I purchased a home in Parkmont of Fremont (I wish I knew about
http://www.tricityhome.com CA back in 99. It was built in 1978, so if you are like me and purchased a home built back then or even one built in the eighties, you may have those closet doors with the off white panels. These are the ones that look like fake wood grained contact paper over a wood panel framed in gold metal trim. My wife and I gave our bedroom a face lift recently that included re facing closet doors.
We got a whole new look re facing closet doors that we are very pleased with. Basically, we wallpapered the panels. But, in re facing the closet doors, there was more to it than that. First, we had to remove the panels from the guides by lifting up and pulling the bottom out of the tracks. Second, using a electric drill in reverse, I removed all the screws holding the panels in place being careful to place all the screws in one bin. In our case it was an old hat. Then using a hammer and a piece of soft wood, I tapped all the gold metal frames off of the panel. Since the closest doors take up practically the whole length of the wall, they are quite long and somewhat difficult to move around in the bedroom. The ceiling fan got whacked once or twice before I developed a technique that required both a certain movement together with an awareness of space--almost a zen thing. While removing the frames, it may be important to number the parts as you remove them to ensure proper replacement to the right panelswhen re facing the closet doors. I did mine by writing a-1 on the top frame as well as the panel, and then I wrote a-2 on the first side frame, a-3 on the bottom and a-4 for the last or left side. The next door would be the "b" series and so on. When you get to the rollers, be sure to observe how the went in. Some have different mechanisms and require an adjustment or two.
Once all removed and dismantled and organized in re facing the closet doors, it was time to get the supplies in re facing the closet doors. Here is what we used:
3 rolls of desired wall covering (we used a faux grass burlap texture with greens and browns in it. Our closet doors measured about 133 sq ft--get some extra) See image above.
1 box of wallpaper paste (even if you have self-pasting wall covering) I used Golden Harvet because it was inexpensive. Image below.
3 cans of spray paint that either matches, contrasts or complements your design choice of wall covering (we used a chocolate brown epoxy enamel satin finish)

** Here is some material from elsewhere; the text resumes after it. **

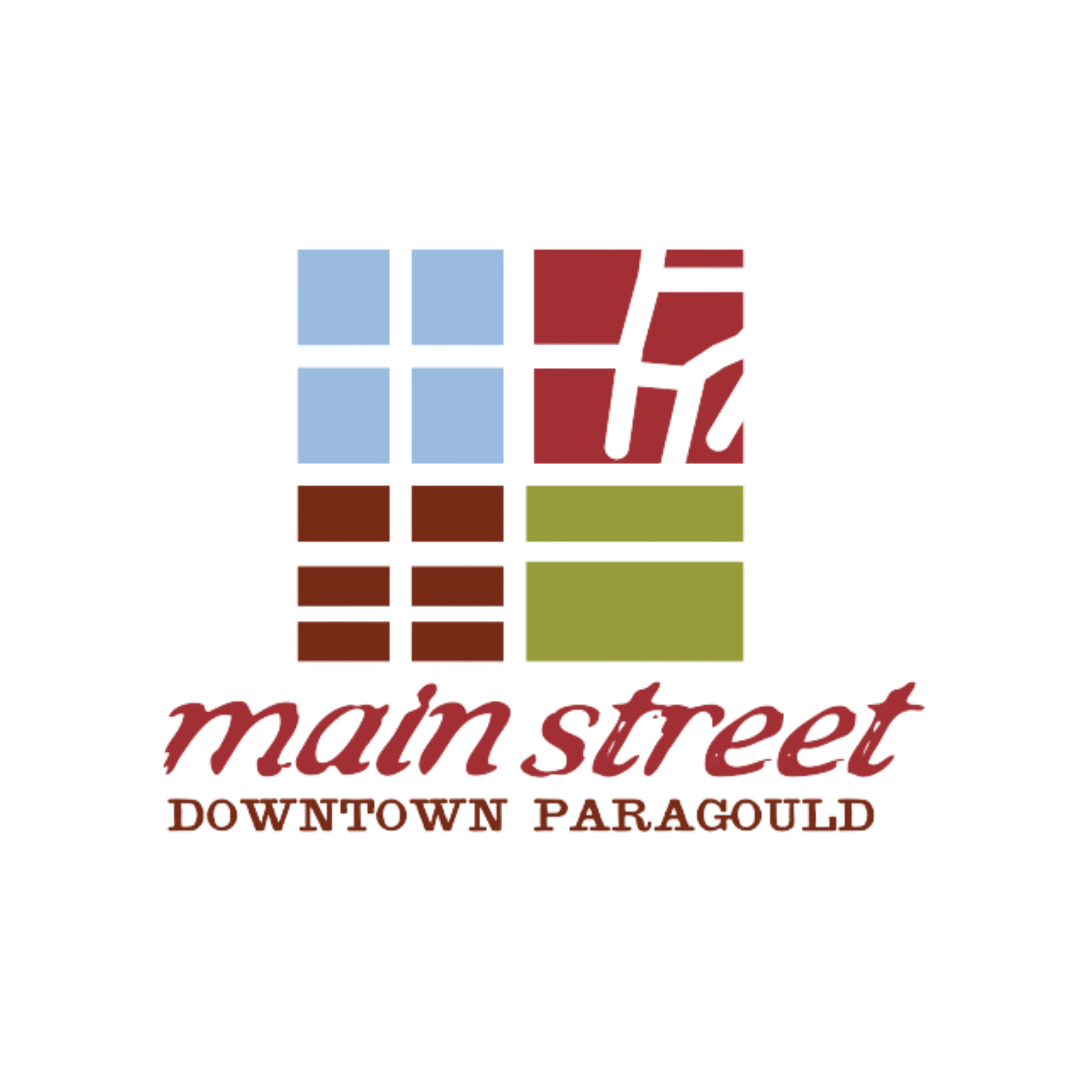 Main Street Paragould Logo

2 cans of spray metal primer paint (paint will just barely stick to the metal unless you use a good primer--ask the store personnel)
I will have a short TIPS section below after the post.
So now we had to prime and paint the frames outside. This was a bit hard, but it was worth it. If you go to an auto body paint store (there is one on Peralta and Fremont you can buy a self etching primer spray). After priming according to directions and painting the frames, we realized that we needed to wall cover the back of the panels, not the front. The paste would work better against the wood back instead of the contact paper fronts. You could peel the contact paper off, but ours was hard to peel and peeled off in little bits at a time. So, wall covering the back it was. We chose to cover the panels after the frames were reassembled. Due to the tight clearances of the frame slots, adhering wall covering all the way to the edge of the wood panel first would create a thicker dimension along the edge, and fitting the frame slot would be difficult over both the wood and the wall covering. When the frames were brought in, it was time to assemble.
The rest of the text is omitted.